Is it true that there a systems which pass a bigger iovec than the actual op?
In this case the assertion would trigger there.
>
> Also, previously we zeroed the entire op on read errors. I don't think
> it matters but want to make sure this was dropped on purpose.

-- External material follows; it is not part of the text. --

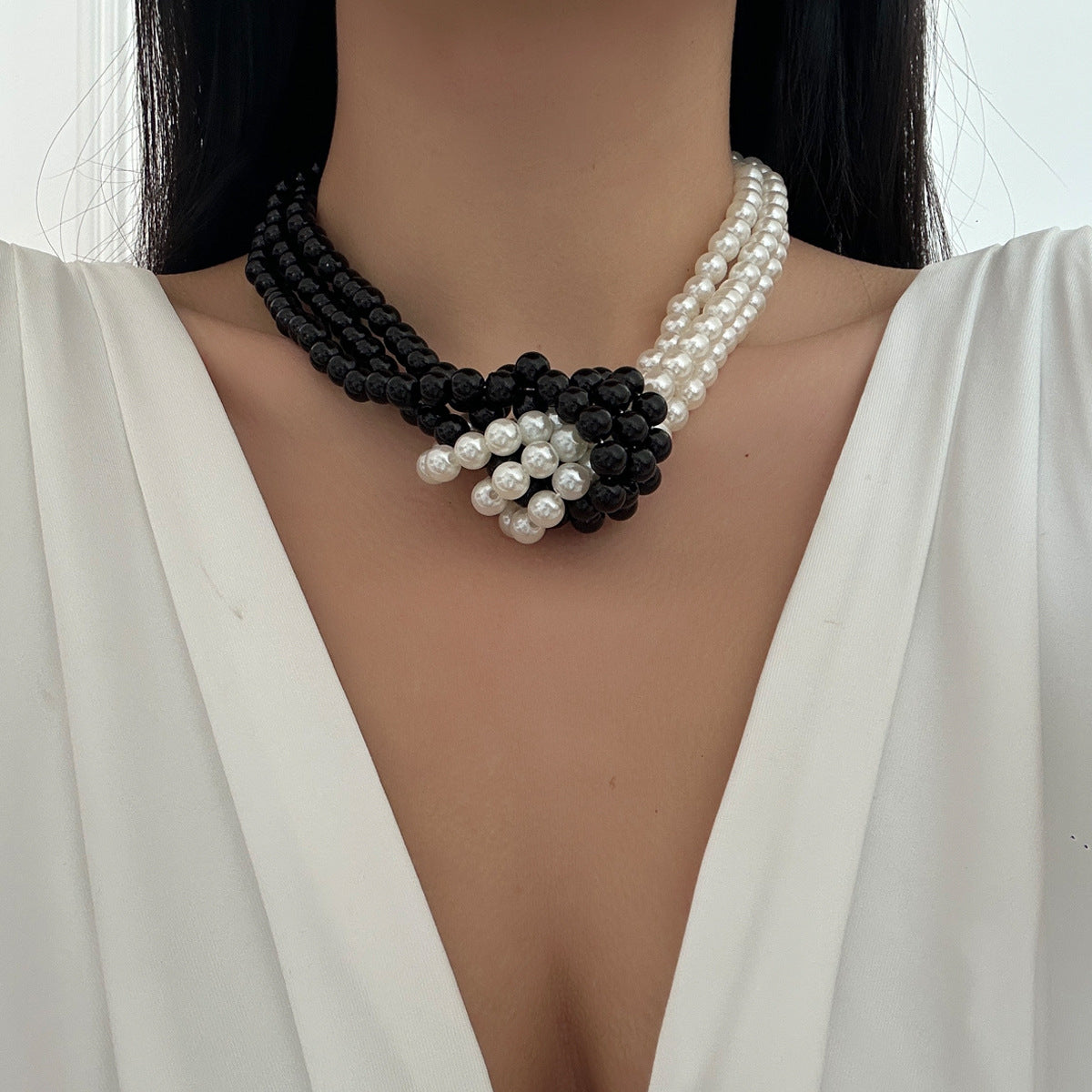 Imitation Pearl Necklace Wholesale European and American Cross-Border Fashion Retro Jewelry Women's Accessible Luxury Niche High-End Choker Necklace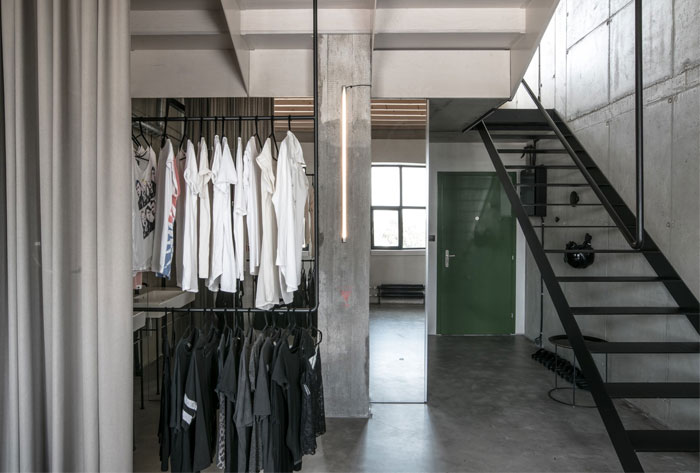 Вертикально ориентированный лофт, расположенный в промышленном здании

I dropped it because its not done in other drivers. If you feel that we could
reveal sensitive information I can put the wiping back in.
>
>> + }
>> +
>> + return 0;
>> +}
>> +
>> +static int
>> +coroutine_fn qemu_rbd_co_preadv(BlockDriverState *bs, uint64_t offset,
>> + uint64_t bytes, QEMUIOVector *qiov,
>> + int flags)
>> +{
>> + return qemu_rbd_start_co(bs, offset, bytes, qiov, flags, RBD_AIO_READ);
>> }
>>
>> -static BlockAIOCB *qemu_rbd_aio_preadv(BlockDriverState *bs,
>> - uint64_t offset, uint64_t bytes,
>> - QEMUIOVector *qiov, int flags,
>> - BlockCompletionFunc *cb,
>> - void *opaque)
>> +static int
>> +coroutine_fn qemu_rbd_co_pwritev(BlockDriverState *bs, uint64_t offset,
>> + uint64_t bytes, QEMUIOVector *qiov,
>> + int flags)
>> {
>> - return rbd_start_aio(bs, offset, qiov, bytes, cb, opaque,
>> - RBD_AIO_READ);
>> + BDRVRBDState *s = bs->opaque;
>> + /*
>> + * RBD APIs don't allow us to write more than actual size, so in order
>> + * to support growing images, we resize the image before write
>> + * operations that exceed the current size.
>> + */
>> + if (offset + bytes > s->image_size) {
>> + int r = qemu_rbd_resize(bs, offset + bytes);
>> + if (r < 0) {
>> + return r;
>> + }
>> + }
> How can this be triggered today? qemu-io used to be able to, but that
> support was removed a long time ago:
>
> https://mail.gnu.org/archive/html/qemu-devel/2014-12/msg01592.html
>
> Just checking that this piece of code is not vestigial at this point.
We had this discussion before. The way to hit this if you want to create e.g. a
qcow2 image on rbd. It does not make that much sense, but it was supported in
the past.
I would vote for removing it, but it might break something somewhere.
Thanks,
Peter